The regime proceeds on the basis that disputes as to quantum, reasonableness and proportionality are to be addressed through Points of Dispute and Replies, with the assessing judge well placed to deal with issues concerning the presentation and substance of those documents. The judge held that the Court should approach applications to intervene prior to formal provisional assessment with caution, since permitting such applications risks undermining the very purpose of the regime. The existence of jurisdiction did not mean that it should be exercised.
The Claimant’s concession on the admissibility of the Excel spreadsheet was significant. What remained were specific Ainsworth disputes in relation to Points 7, 15 and 20. Those issues, insofar as they concerned the level of detail or the merits of individual items, were matters for the judge conducting the provisional assessment.
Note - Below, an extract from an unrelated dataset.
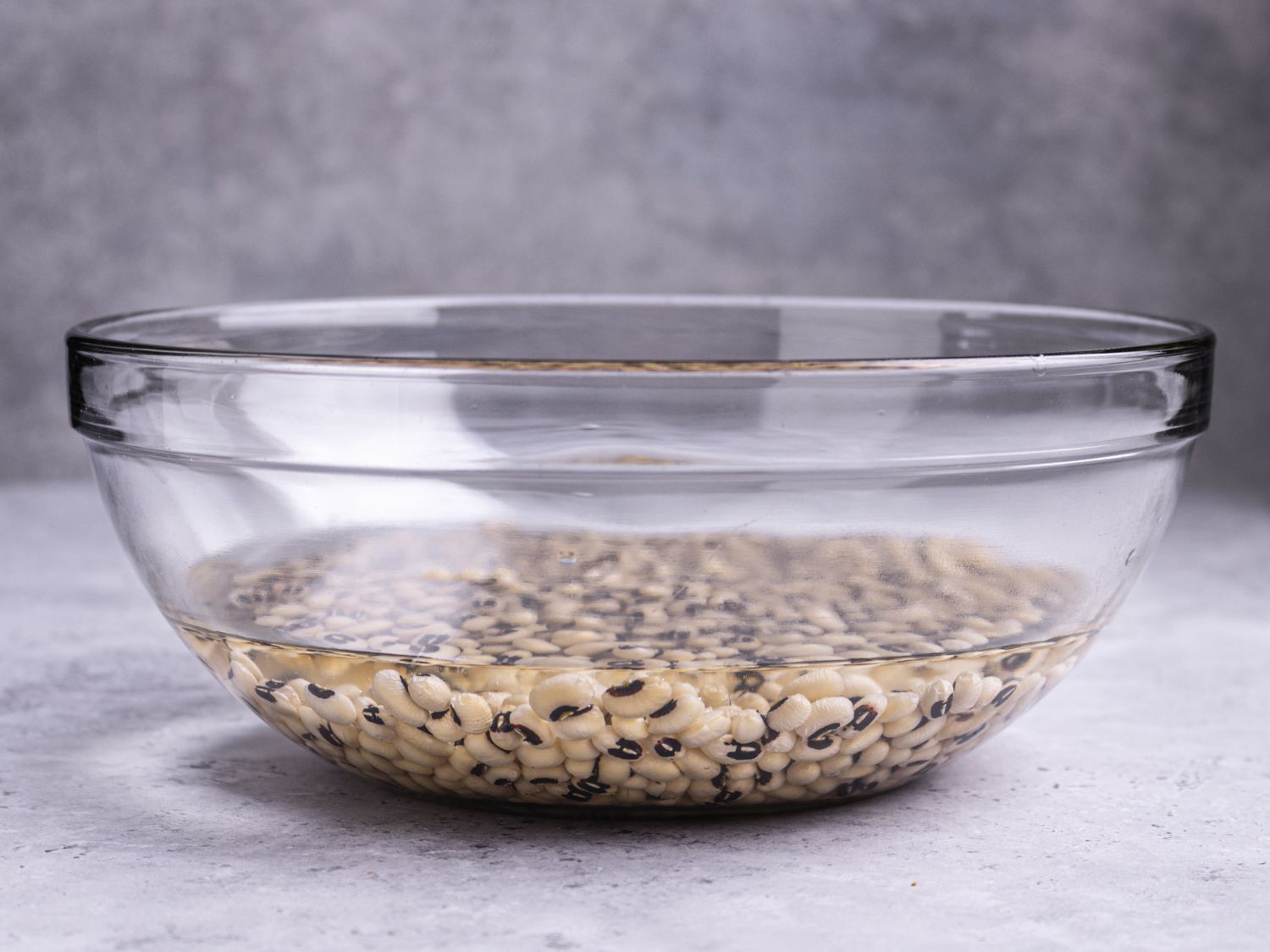 Peas soaking at the bottom of a glass bowl filled with water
The Defendant sought, in substance, to pre-empt that evaluative exercise, which was precisely what the provisional assessment regime was designed to avoid. In light of the spreadsheet concession, there was a structured mechanism available (namely, the provisional assessment process itself) to resolve the remaining issues, and there was no demonstrated necessity for the Court to intervene at that stage.
The judge declined Mr Hughes’s invitation to determine the remaining Ainsworth issues, stating that he declined to do so as a matter of principle. Costs had already been incurred on the application, and they were not insignificant. It was not inevitable that there would be an oral review. The Court was required to have regard to the need to deal with cases at proportionate cost, which applied with particular force in costs litigation.
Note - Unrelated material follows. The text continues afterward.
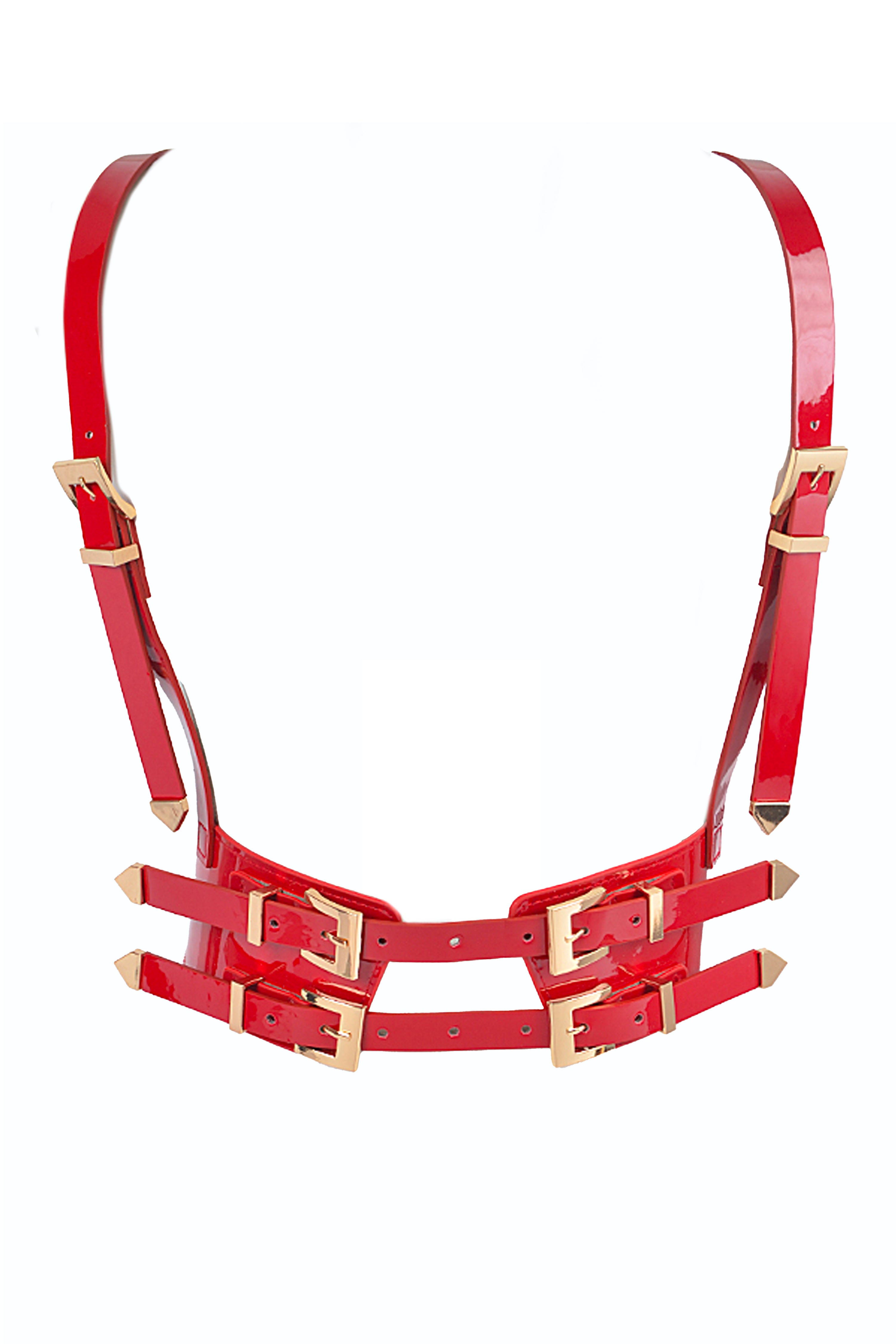 Shiny red patent leather harness with adjustable straps and gold hardware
To entertain the application in circumstances where the dispute was suitable for provisional assessment, particularly in light of the concession made, would set an unwelcome precedent. It would encourage parties to bring interim challenges routinely, seeking to litigate issues by instalments which the rules intend to be resolved in a single, streamlined process. That would undermine the provisional assessment regime, increase costs disproportionately, and place additional burdens on court resources. That would not be consistent with the overriding objective.
The judge added for completeness that he was not persuaded that the application when mooted crossed the line into an abuse of process in the strict sense, given that he had accepted Mr Hughes’s submissions on jurisdiction. The issue over admissibility of the Excel spreadsheet schedule was not plainly unarguable when foreshadowed in correspondence, but its continued pursuit following the concession (before the application was issued, as Mr Hood pointed out) as to admissibility of the Excel spreadsheet schedule rendered it disproportionate.
The Claimant’s costs lawyers were directed to file Amended Points of Reply to reflect the Excel spreadsheet concession by 4.00 p.m. on 6 May 2026, and to re-file the N258 in the County Court at Derby by 4.00 p.m. on 27 May 2026. The Defendant’s application was dismissed. The Defendant was ordered to pay the Claimant’s costs of the application, summarily assessed at £11,220.00, to be paid by 4.00 p.m. on 6 May 2026.